• PROBLEM STATEMENT: Exactly and only the lines from the one with "走过的路都是风景 走过的路 风景" through the last line of the records need to be set down; please skip the pictures.

• LISTED RECORDS:
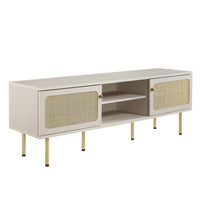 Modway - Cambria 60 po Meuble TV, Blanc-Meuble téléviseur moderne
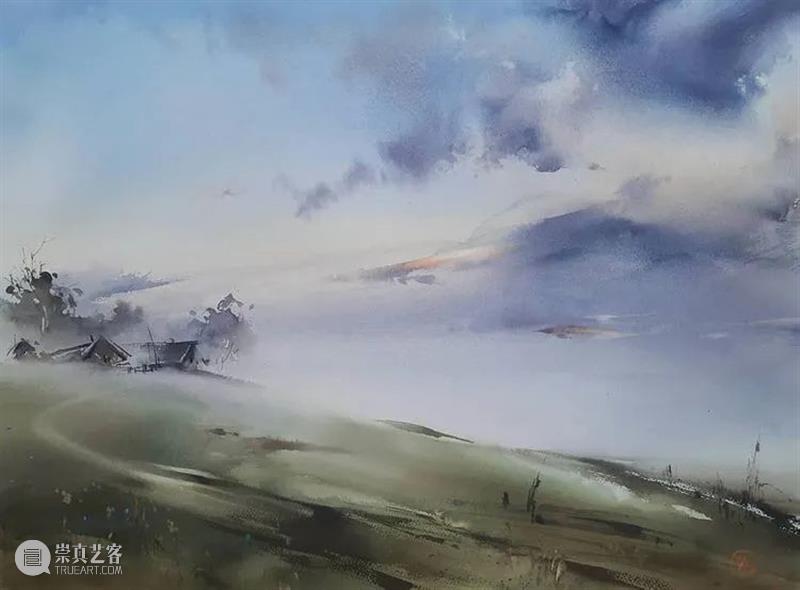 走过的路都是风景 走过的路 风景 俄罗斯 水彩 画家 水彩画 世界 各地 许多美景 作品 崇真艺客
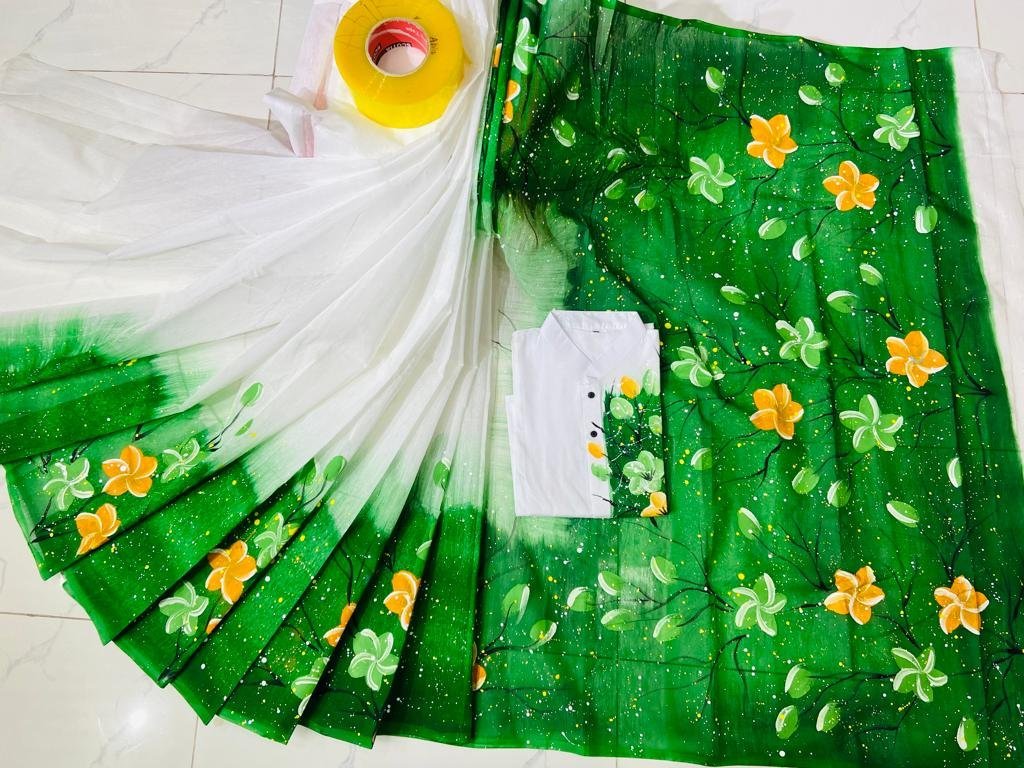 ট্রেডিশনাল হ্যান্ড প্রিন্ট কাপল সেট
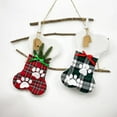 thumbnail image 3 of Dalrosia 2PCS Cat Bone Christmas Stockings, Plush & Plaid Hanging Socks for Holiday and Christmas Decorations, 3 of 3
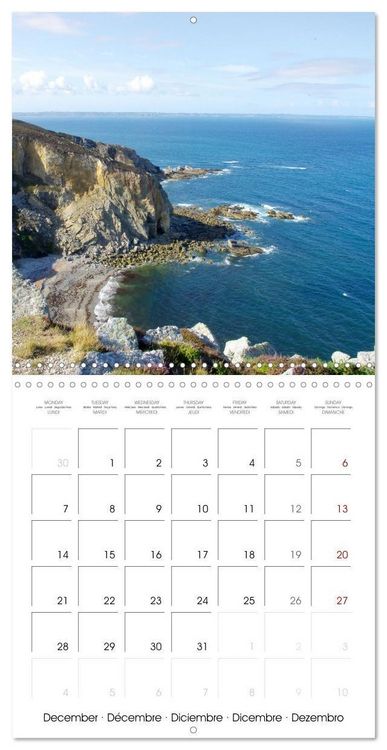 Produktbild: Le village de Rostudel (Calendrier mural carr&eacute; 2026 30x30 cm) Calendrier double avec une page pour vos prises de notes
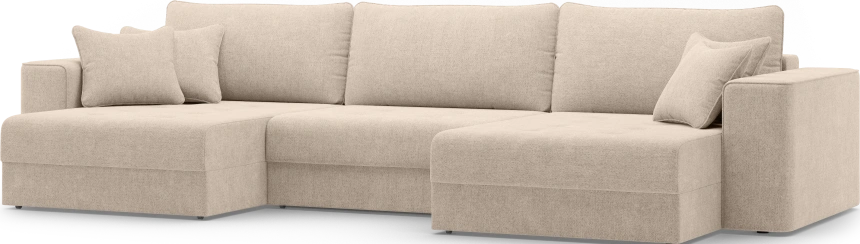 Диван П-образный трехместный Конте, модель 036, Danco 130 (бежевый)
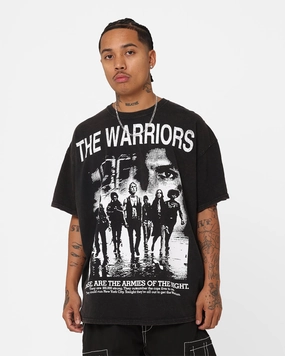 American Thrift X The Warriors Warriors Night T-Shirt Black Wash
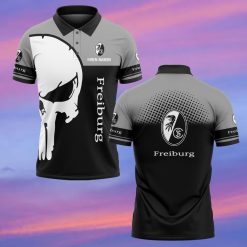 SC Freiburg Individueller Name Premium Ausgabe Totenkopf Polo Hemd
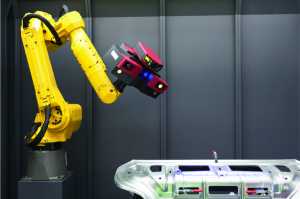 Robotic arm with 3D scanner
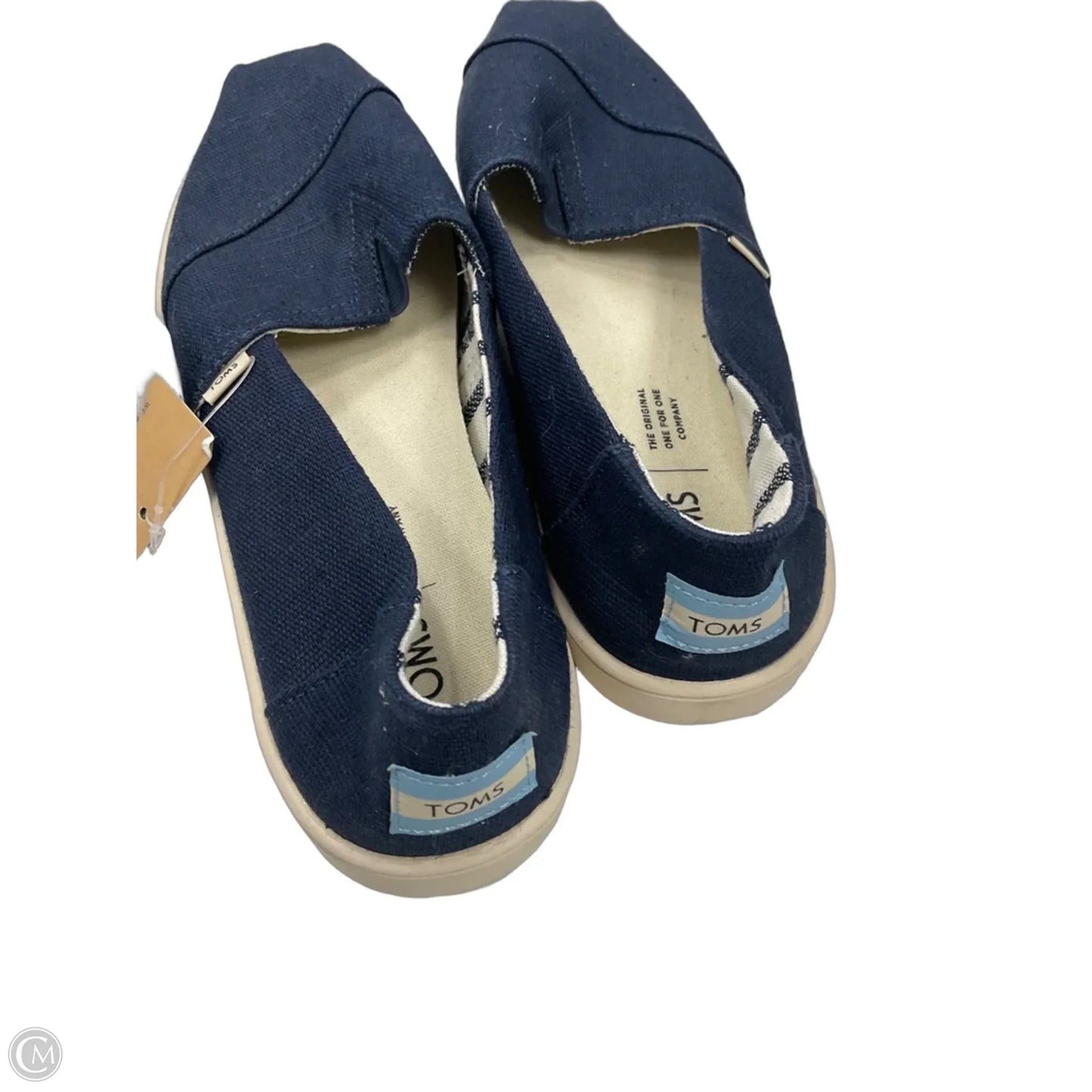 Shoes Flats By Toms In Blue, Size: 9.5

• REPLY:
 走过的路都是风景 走过的路 风景 俄罗斯 水彩 画家 水彩画 世界 各地 许多美景 作品 崇真艺客
 ট্রেডিশনাল হ্যান্ড প্রিন্ট কাপল সেট
 thumbnail image 3 of Dalrosia 2PCS Cat Bone Christmas Stockings, Plush & Plaid Hanging Socks for Holiday and Christmas Decorations, 3 of 3
 Produktbild: Le village de Rostudel (Calendrier mural carr&eacute; 2026 30x30 cm) Calendrier double avec une page pour vos prises de notes
 Диван П-образный трехместный Конте, модель 036, Danco 130 (бежевый)
 American Thrift X The Warriors Warriors Night T-Shirt Black Wash
 SC Freiburg Individueller Name Premium Ausgabe Totenkopf Polo Hemd
 Robotic arm with 3D scanner
 Shoes Flats By Toms In Blue, Size: 9.5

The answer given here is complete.